In general, investigations are carried out at crime or discovery sites to determine whether a crime may have taken place as stated in the investigation file. Can one perpetrator have committed the crime alone? What constitution must he or she have – for example, whether a 50-pound woman could have moved a corpse alone or whether she must have had help to do it? And can a crime have been committed at a certain time in a certain place? These are some of the questions that OFA experts have to ask themselves again and again.

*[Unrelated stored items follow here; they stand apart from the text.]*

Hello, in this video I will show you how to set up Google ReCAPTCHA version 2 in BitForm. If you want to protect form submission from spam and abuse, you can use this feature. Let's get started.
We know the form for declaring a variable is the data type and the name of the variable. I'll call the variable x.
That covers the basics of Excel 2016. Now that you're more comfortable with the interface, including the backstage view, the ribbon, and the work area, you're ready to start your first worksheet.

Spiegl gave an example of the now well-known Lucile case in Kufstein: the French student Lucile was found dead in January 2014 in the Tyrolean town on the banks of the Inn. At first, the investigators could not imagine that she could be killed there unnoticed. “We looked at it: one colleague was standing at the immediate crime scene, the other on the staircase – and of course exactly at the determined time of the crime. The colleague on the staircase could neither see nor hear the other. That was maybe five meters between the two.” , said the case analyst.

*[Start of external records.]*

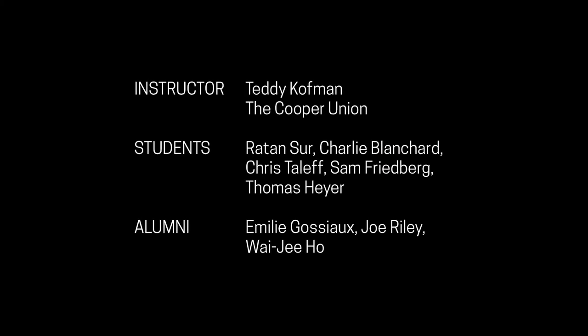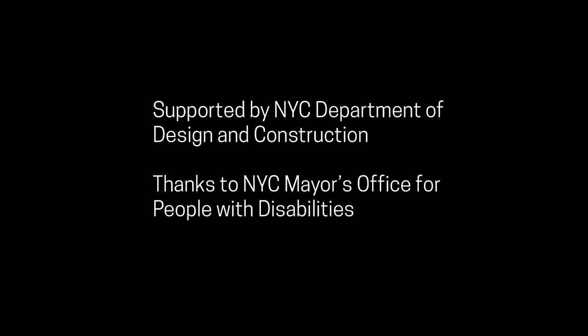Instructor, Teddy Kaufman, The Cooper Union. Students, Rattan Sur, Charlie Blanchard, Chris Talef, Sam Friedberg, Thomas Hayer. Alumni, Emily Gossio, Joe Riley, Wei Ji Ho. Sound Assistants, Zach Poff. Supported by New York City Department of Design and Construction. Thanks to New York City Mayor's Office for People with Disabilities.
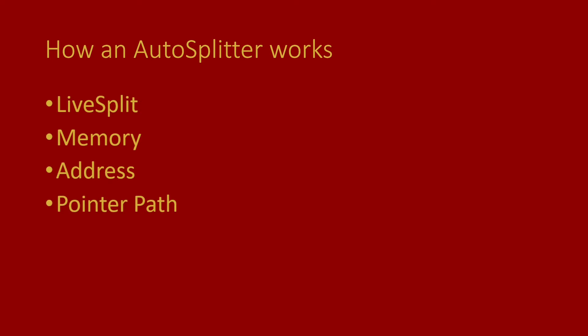And this is where a pointer path comes in. A pointer is a piece of memory that actually points to another piece of memory. And the way a pointer path works is it's basically a description of pointers with offsets, which brings you from the start of the binary, so in this case Factorio being loaded, in a couple of steps to the piece of memory that we want to read for the auto-splitter. So it's always an offset, then it says okay, read the pointer, then you go to that address, then there's another offset, et cetera, et cetera.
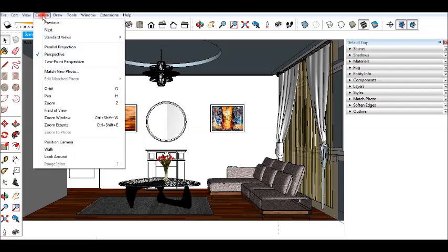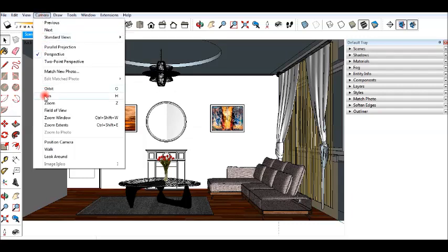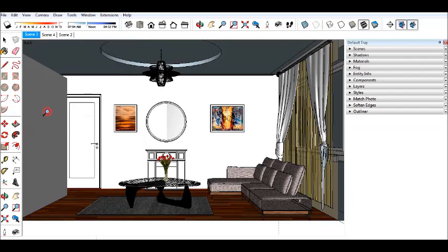Which means you need to go to Camera, click Field of View, then 35 degrees appears on the down left corner. Let's type 60 and press Enter.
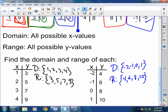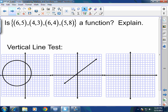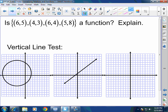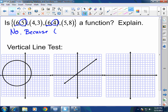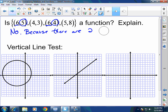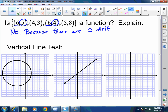Is {(6,5), (4,3), (6,4), (5,8)} a function? No — this is not a function because you have two different y values for the same x value of 6: you get both 5 and 4 as y values for x = 6.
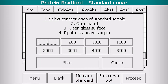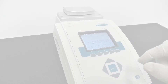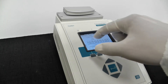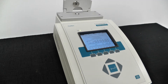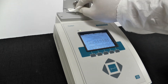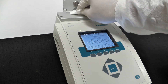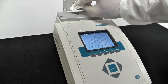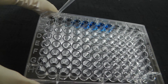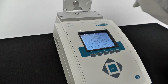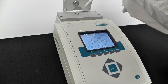Select Measure Standard. Begin by selecting your reference. Open the panel and clean the glass surfaces. Pipette a drop of your reference, close the panel, and click the Start button.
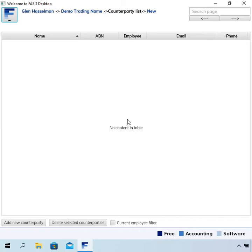In previous versions of the software, I called them customers, suppliers, employees. It's really all just a little bit long-winded. I know other accounting software tries to use different terms like contacts, but they're not really your contacts. Those are probably in your phone. So counterparty is the right word, but it is a little bit unusual.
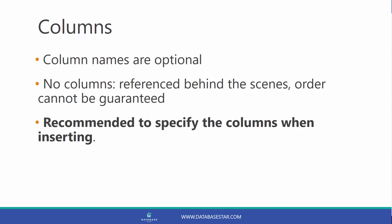You have the option of specifying the columns to insert data into. If you don't specify the columns, the columns are referenced behind the scenes in the order that they are defined in the database, which cannot be guaranteed. So it's better to actually specify the columns in your insert statement.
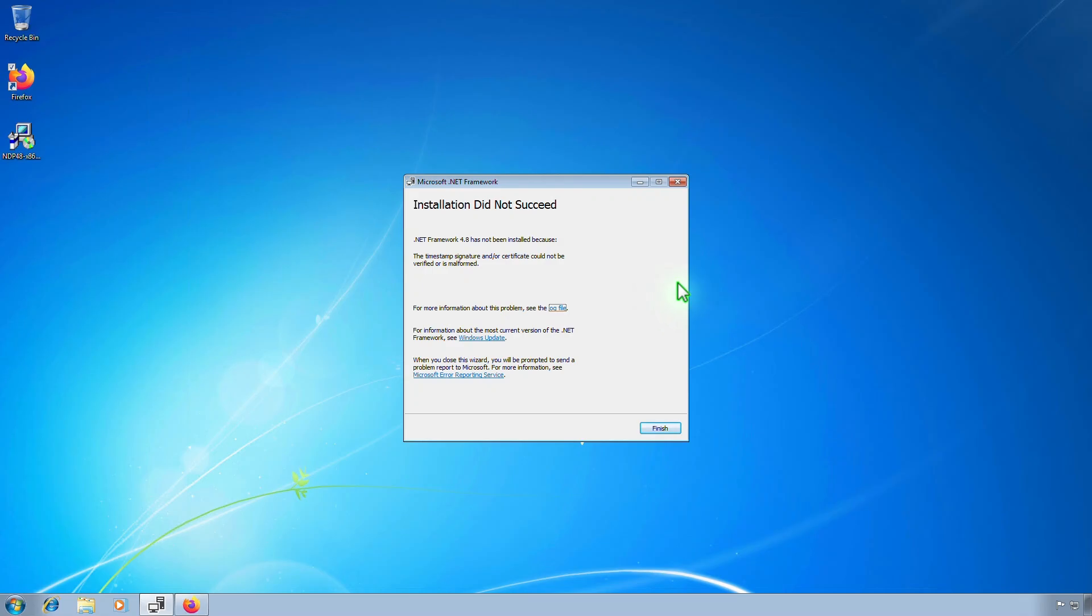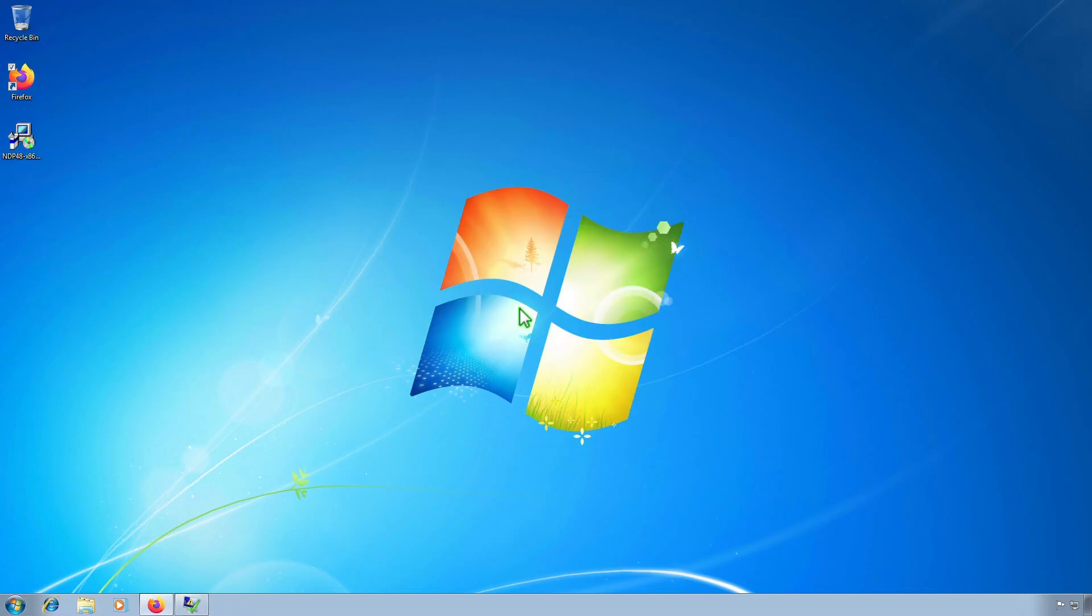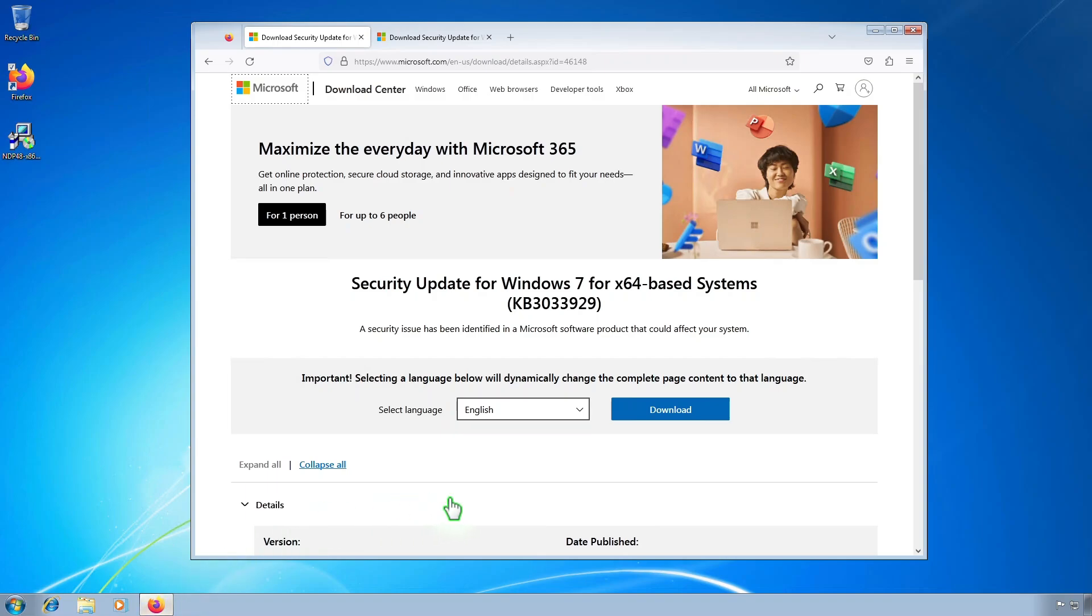To resolve this issue, you'll need to install a security update. Before you begin, ensure that you're using Windows 7 Service Pack 1.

The OFA’s task is often to intervene in the first phase of the investigation, which used to be called the “chaos phase” and is now called the “orientation phase”. The analyzers help the clerks and ideally bring structure to the flood of information and tips.
The third phase of OFA is that of description and determination. The team tries to create a report on the case, just like doctors create reports on the clinical picture of patients. This is not intended to be a diagnosis of fact, but an objective and fact-based description. Information gaps are pointed out, which already leads to hypotheses.
The fourth phase is about the interpretation, in which methodical knowledge, background knowledge and experience are used. The focus is also on the perpetrator’s personality, for example what his modus operandi is and was and – in contrast – how he or she personalized his/her crime. “What did a perpetrator do that he or she did not necessarily have to do to commit the crime?” List formulated the question. “Why does one perpetrator stab once or twice, another 30 times?” The modus operandi, on the other hand, concerns the basic procedure, which is changed depending on the situation – for example due to the local and temporal circumstances of the crime.
In phase five, the OFA team formulates results with coherent and comprehensible justifications, which are presented to the client in phase six. These presentations to the clerks can be quite long and extensive. “One or the other had around 100 participants,” said Spiegl. In the best-case scenario, the experts have found recommendations in which directions the investigations should go, for example whether a DNA series test could be helpful. At the very least, the investigators should have a much deeper understanding of the case. It was important for List and Spiegl to emphasize that this OFA procedure is a standardized procedure.
Anyone who thinks that the operational case analysts sit in the office and wait for a case relevant to them to open up is wrong. In day-to-day business, the experts look at automails that they receive every day about all offenses committed under Section 10 of the Criminal Code (criminal offenses against sexual integrity and self-determination) and about violent crimes, and check whether they are relevant for the ViCLAS database (Violent Crime Linkage Analysis System) are relevant. Behaviors are recorded and compared for ViCLAS so that a perpetrator can be tracked down. For this purpose, important crime scene details are listed and later networked via computer in the case of suspected serial crimes and sexual offences. It’s not just about the behavior of the perpetrators, but also about geographical analyses.